Does evolution only give rise to traits that confer fitness? In other words, does the existence of a trait imply it's conferring of fitness? If not, what are some counter examples?
Answer
Rephrasing the question
Does evolution only give rise to traits that confer fitness?
The phrasing is actually a little nonsensical, but it is easy to understand what you mean. The reason is that "fitness" is not a characteristic of individuals but a measure (a variable if you wish) of a characteristic. Imagine you are talking about Shaquille O'Neal and you say "He is height!" instead of "He is tall!". Allow me to rephrase the question correctly. Note that because "high fitness" is a statement relative to the fitness of the others (just like being tall is relative to the average height), I highlighted in my rephrasing of the question this relativity.

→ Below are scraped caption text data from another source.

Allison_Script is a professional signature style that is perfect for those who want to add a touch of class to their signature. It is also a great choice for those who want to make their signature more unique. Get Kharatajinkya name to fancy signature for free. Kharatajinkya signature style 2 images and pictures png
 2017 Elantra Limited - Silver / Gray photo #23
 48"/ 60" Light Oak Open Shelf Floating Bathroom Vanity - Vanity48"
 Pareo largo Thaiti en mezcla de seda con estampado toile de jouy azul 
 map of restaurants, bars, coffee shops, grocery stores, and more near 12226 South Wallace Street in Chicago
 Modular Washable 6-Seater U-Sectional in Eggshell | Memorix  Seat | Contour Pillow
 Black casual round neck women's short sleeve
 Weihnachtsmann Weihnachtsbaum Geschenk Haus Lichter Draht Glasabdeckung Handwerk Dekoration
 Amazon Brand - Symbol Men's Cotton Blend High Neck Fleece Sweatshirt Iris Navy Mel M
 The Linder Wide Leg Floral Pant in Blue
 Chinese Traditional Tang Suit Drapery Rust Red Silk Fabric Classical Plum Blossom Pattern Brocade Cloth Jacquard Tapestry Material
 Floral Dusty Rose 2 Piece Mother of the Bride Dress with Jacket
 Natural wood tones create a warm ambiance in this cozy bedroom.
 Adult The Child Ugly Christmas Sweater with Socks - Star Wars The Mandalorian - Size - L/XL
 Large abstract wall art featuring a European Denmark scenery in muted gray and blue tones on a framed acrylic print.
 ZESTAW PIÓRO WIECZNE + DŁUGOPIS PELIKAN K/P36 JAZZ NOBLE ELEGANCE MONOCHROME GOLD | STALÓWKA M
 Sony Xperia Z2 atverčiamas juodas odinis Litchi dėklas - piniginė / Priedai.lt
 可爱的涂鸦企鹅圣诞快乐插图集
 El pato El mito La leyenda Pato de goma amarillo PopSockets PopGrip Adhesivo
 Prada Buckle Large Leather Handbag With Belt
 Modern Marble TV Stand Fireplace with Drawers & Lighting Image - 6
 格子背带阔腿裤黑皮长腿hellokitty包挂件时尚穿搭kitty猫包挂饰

Does evolution only give rise to trait variants that are associated with higher fitness than other variants?
Short answer
No!
Examples
Very simple examples include all the genetic diseases.
Reasons
In short, evolution is much more than natural selection. All of the following are reasons for why there are low fitness variants in nature.
- genetic drift (incl. bottleneck or founder effect),
- spatial variation in the environment and gene flow (hence migration load)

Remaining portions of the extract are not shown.